Um contribuinte obteve na Justiça o direito de discutir a apreensão de mercadorias importadas pela fiscalização alfandegária no Conselho Administrativo de Recursos Fiscais (Carf). Até então, a aplicação da chamada pena de perdimento era somente analisada em primeira instância, por Delegacia da Receita Federal de Julgamento (DRJ), sem possibilidade de recurso.

A sentença, segundo advogados, é a primeira a aplicar o que dispõe a Convenção de Quioto, que instituiu duas instâncias para a discussão de todas as questões aduaneiras. Desde o dia 13 de março, está em vigor no Brasil o Decreto nº 10.276, que promulgou o texto do protocolo de revisão do tratado internacional, concluído em Bruxelas, em 26 de junho de 1999.

A decisão é do juiz Jurandi Borges Pinheiro, da 2ª Vara Federal de Itajaí (SC), e beneficia a Puma Comercial de Metais. “Finalmente teremos um julgamento isento para as questões de perdimento, que tinham até agora um rito incomum”, diz o advogado da companhia, Carlos Navarro, do escritório Galvão Villani Navarro.

De acordo com ele, até então esses casos eram julgados somente dentro da alfândega ou nas delegacias da Receita Federal. “Agora serão analisados por um órgão paritário, no caso o Carf”, afirma Navarro.

A pena de perdimento, considerada por advogados como uma das mais severas sanções administrativas, é aplicada aos contribuintes quando entende-se que há irregularidades na importação. Casos, por exemplo, de mercadorias avaliadas como ilícitas, sem licença ou guia de importação ou mesmo quando há omissão em relação ao que está sendo trazido para o Brasil.
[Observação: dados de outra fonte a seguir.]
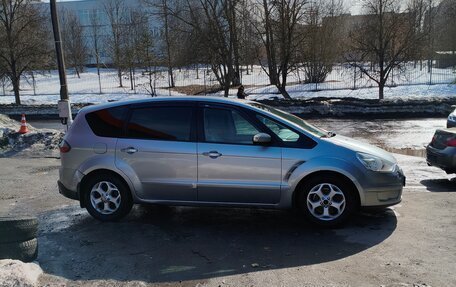 Ford S-MAX I, 2007 год, 818 000 рублей, 3 фотография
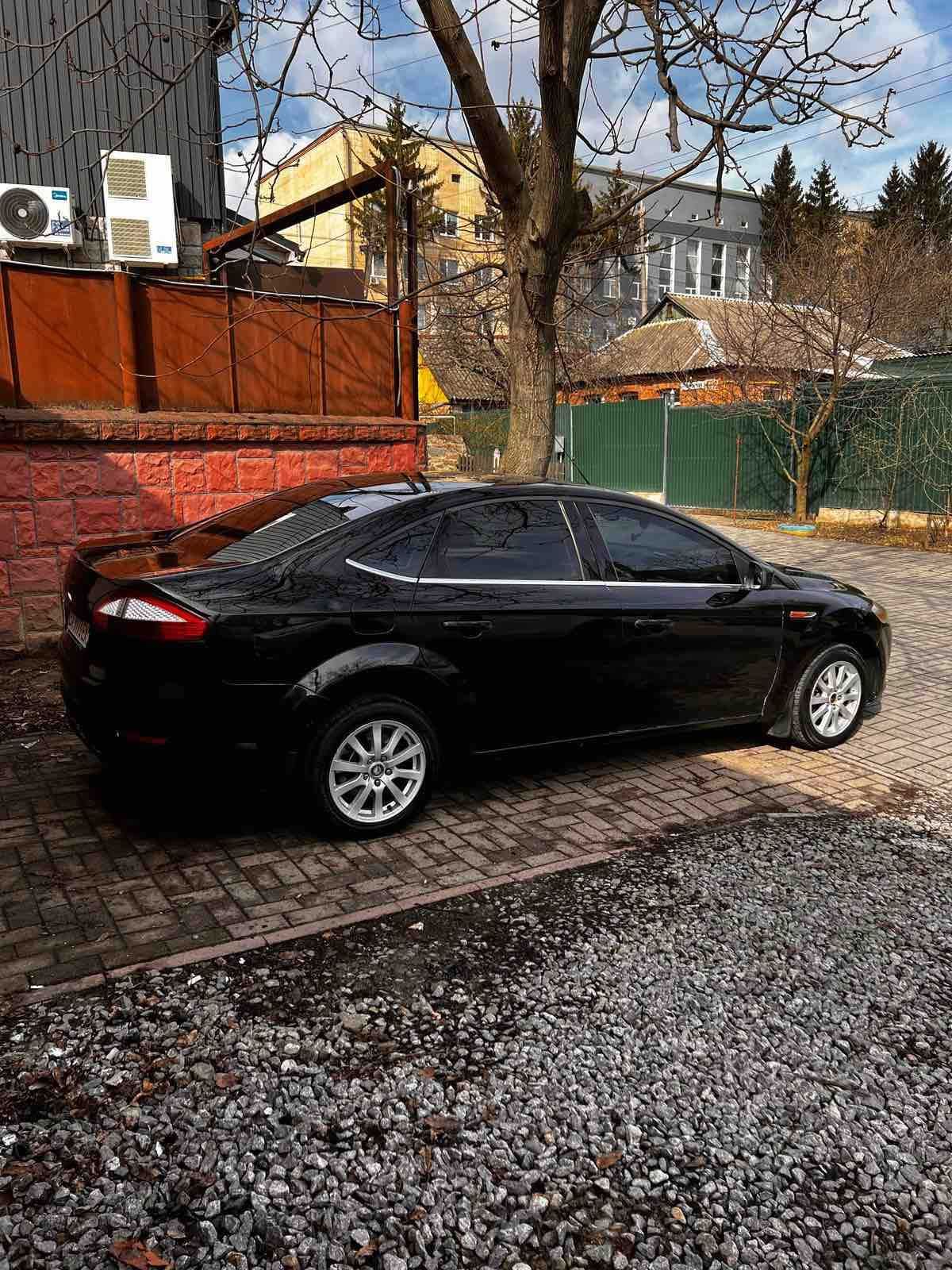 Продам Ford Mondeo Titanium 2008 р.
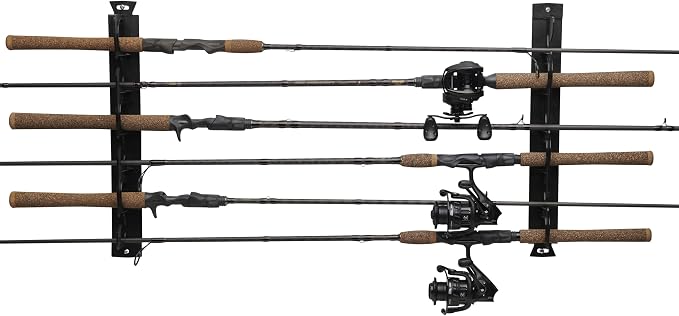 Berkley Fishing Rod Racks & Rod Holders | Rod Management Storage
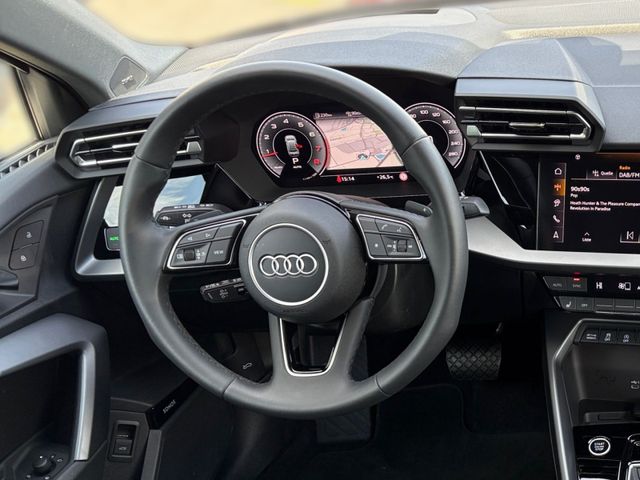 A3 Limousine 30 TFSI LED+KAMERA+VCP+HUD+AHK+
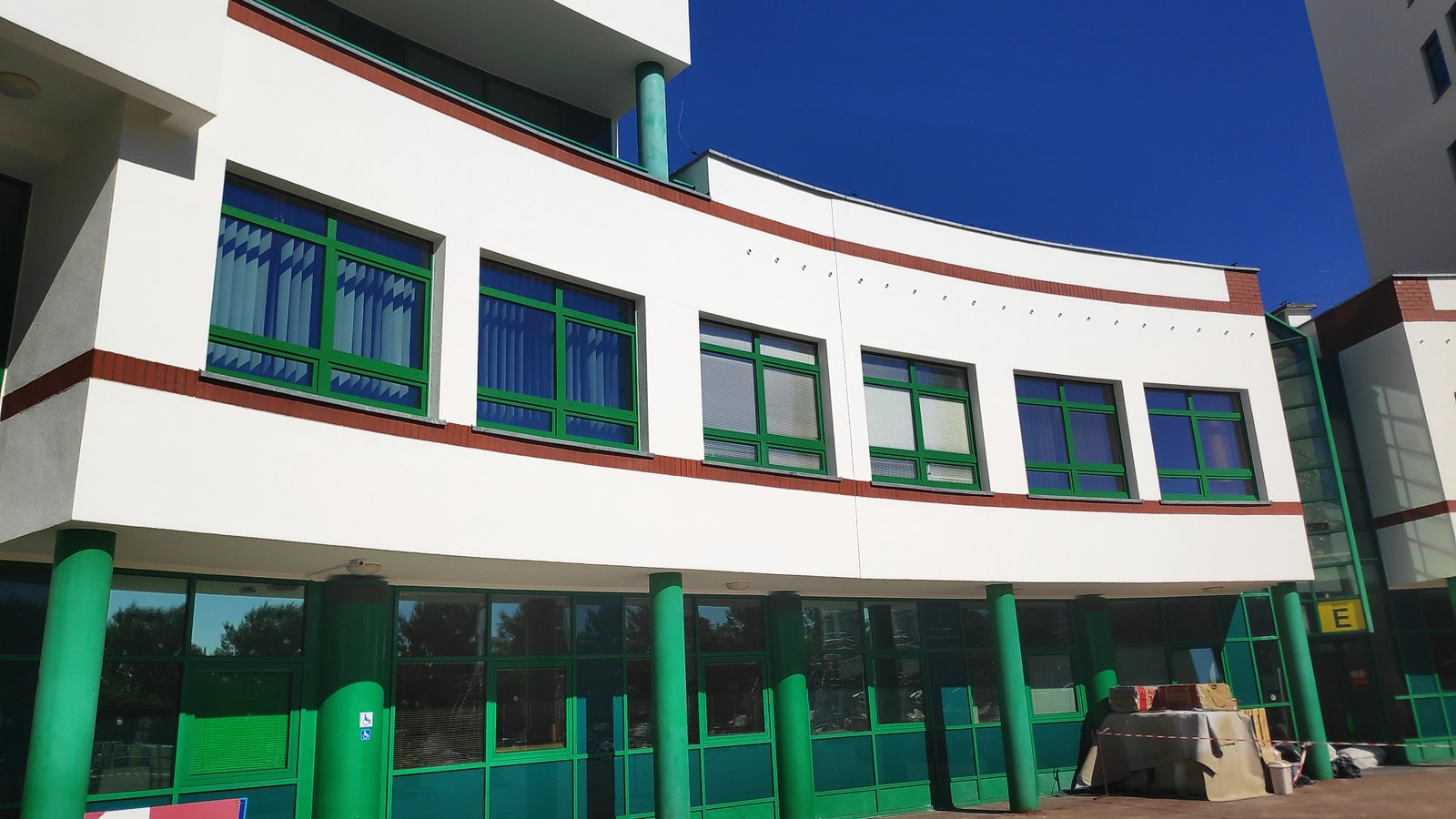 Uczelnia Łazarskiego - modernizacja termiczna IzolPlus™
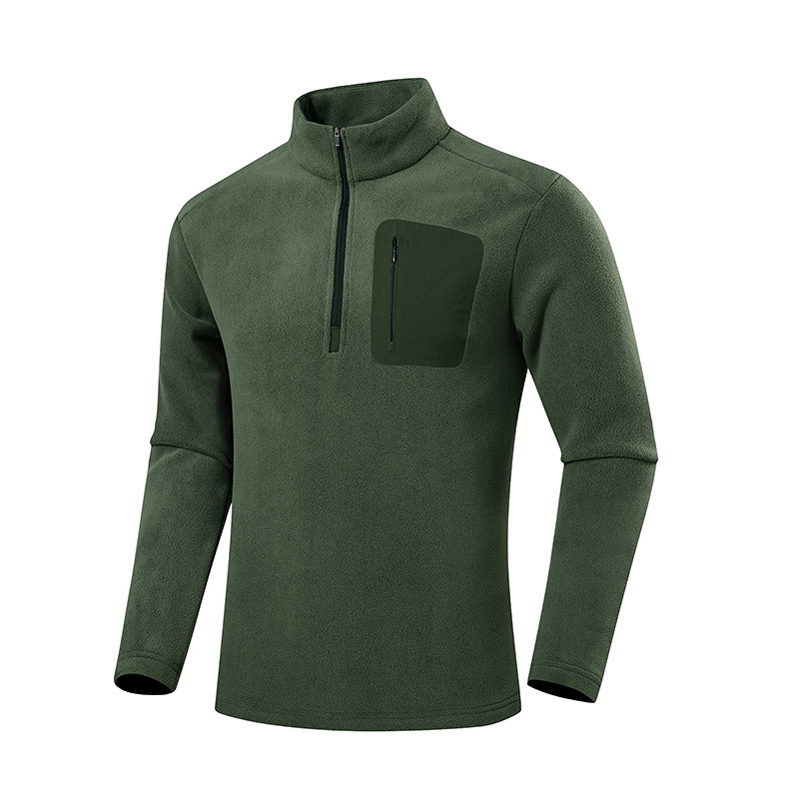 Jaket Fleece Polartec Pria Mus - Windbreak Shell Jacket ulasan dan harga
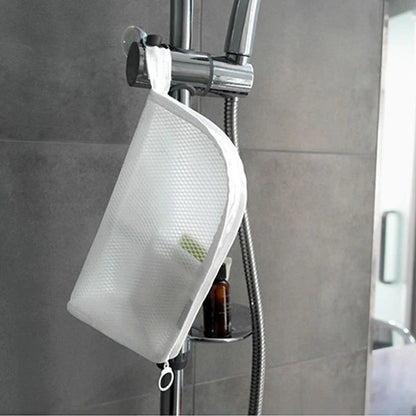 Bärbar lättviktsnecessär för resor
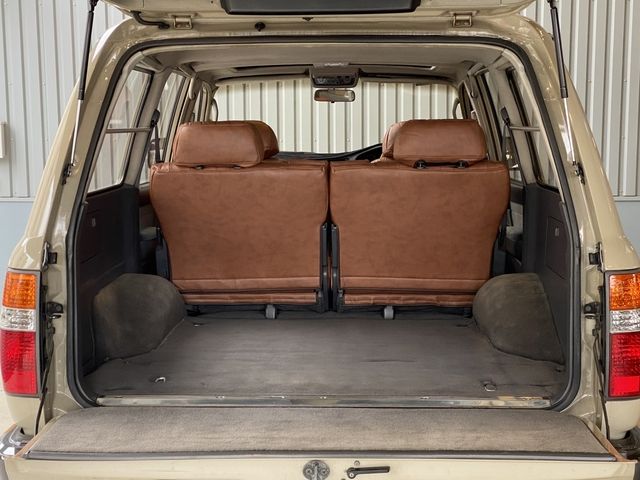TOYOTA LANDCRUISER VAN 1995 Image 31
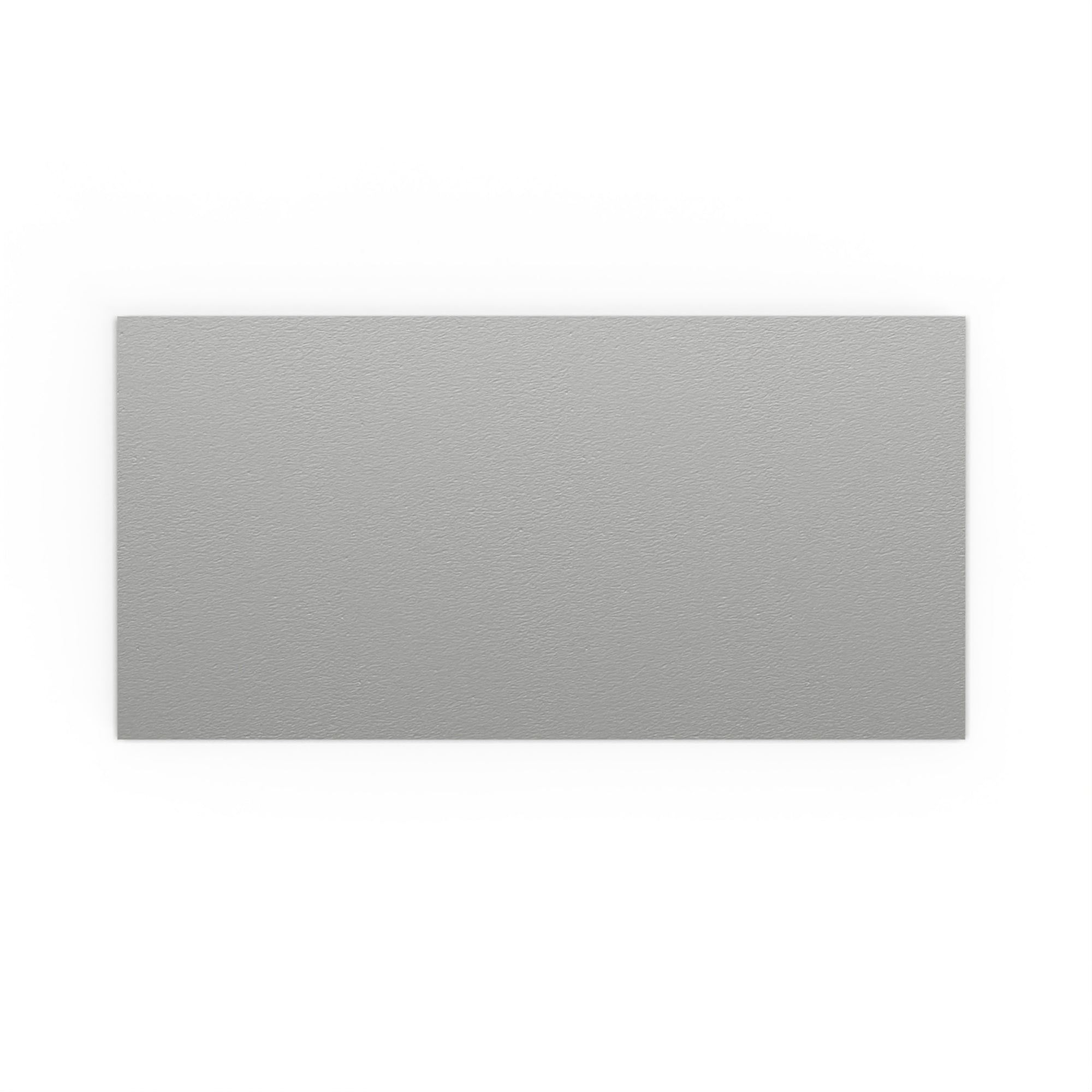 DL Silver 120gsm Gummed V-Flap Envelope (110 x 220mm)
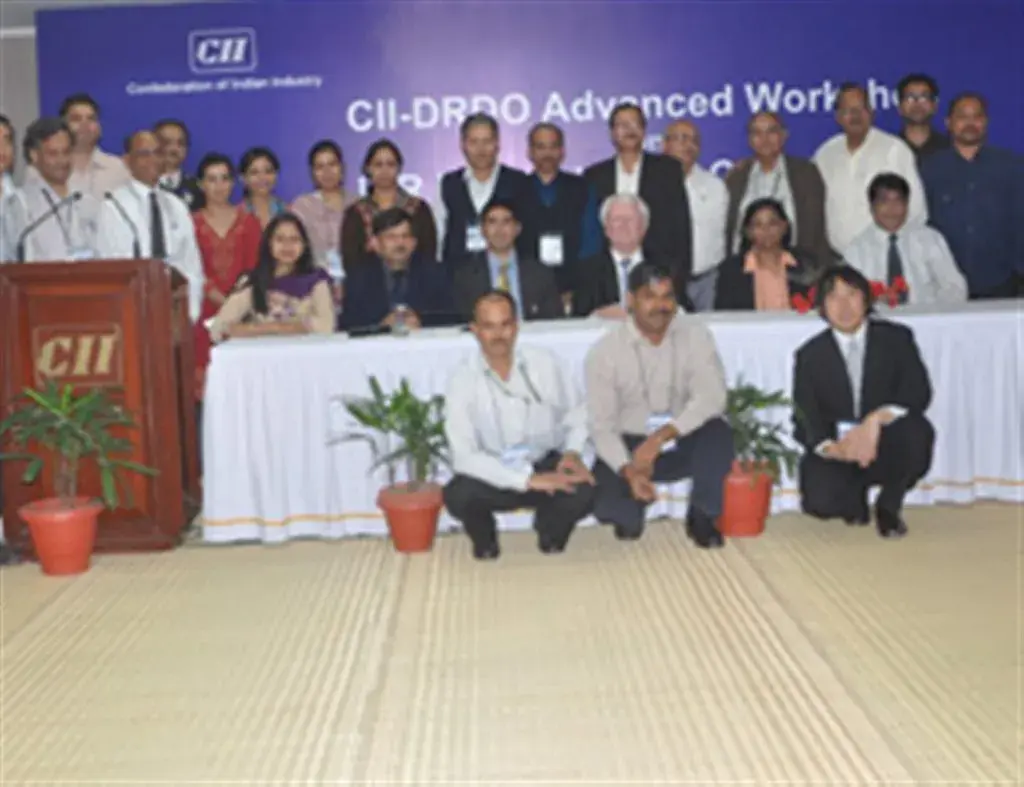 CII-DRDO Advanced work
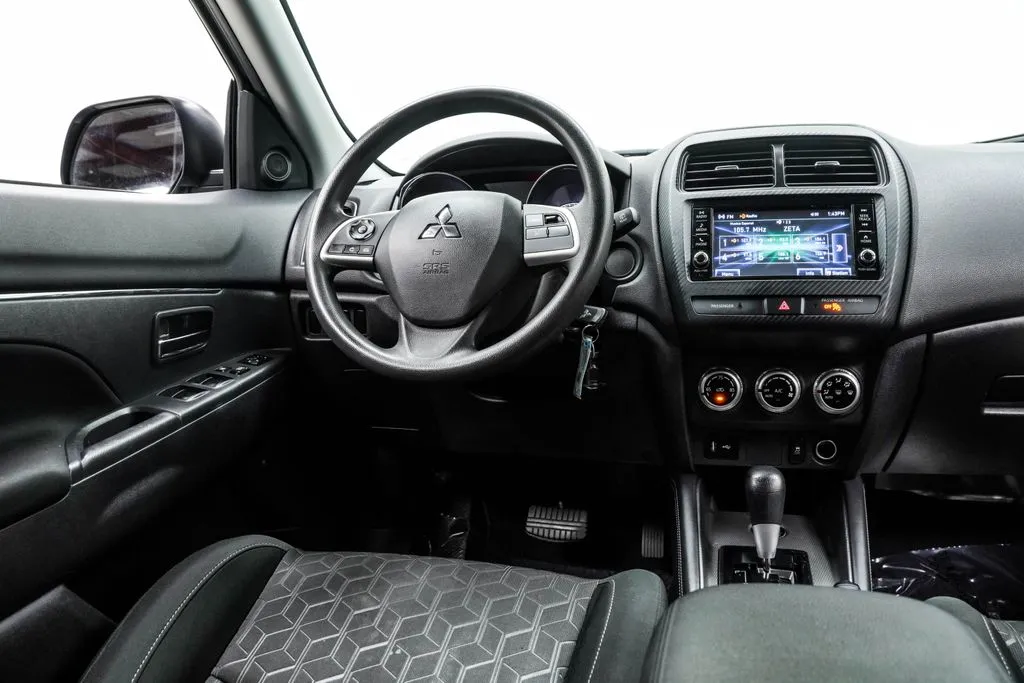 2024 Mitsubishi Outlander Sport 2.0 ES, photo 14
Apesar de estar em vigor a Convenção de Quioto, que prevê duas instâncias administrativas, as normas internas da Receita Federal ainda preveem apenas uma para penas de perdimento. Isso faz com que os contribuintes tenham que entrar na Justiça para a aplicação do que está disposto na norma internacional.

No caso analisado, a Puma Comercial de Metais teve problemas com a Receita Federal ao importar um de seus produtos para revenda. O que chegou ao Brasil era de alumínio maciço, mas a nota fiscal dizia que era apenas banhado de alumínio. O que acarreta em grandes diferenças de preço e tributação. Ao fiscalizar, a Receita entendeu que houve fraude e declarou o perdimento da mercadoria.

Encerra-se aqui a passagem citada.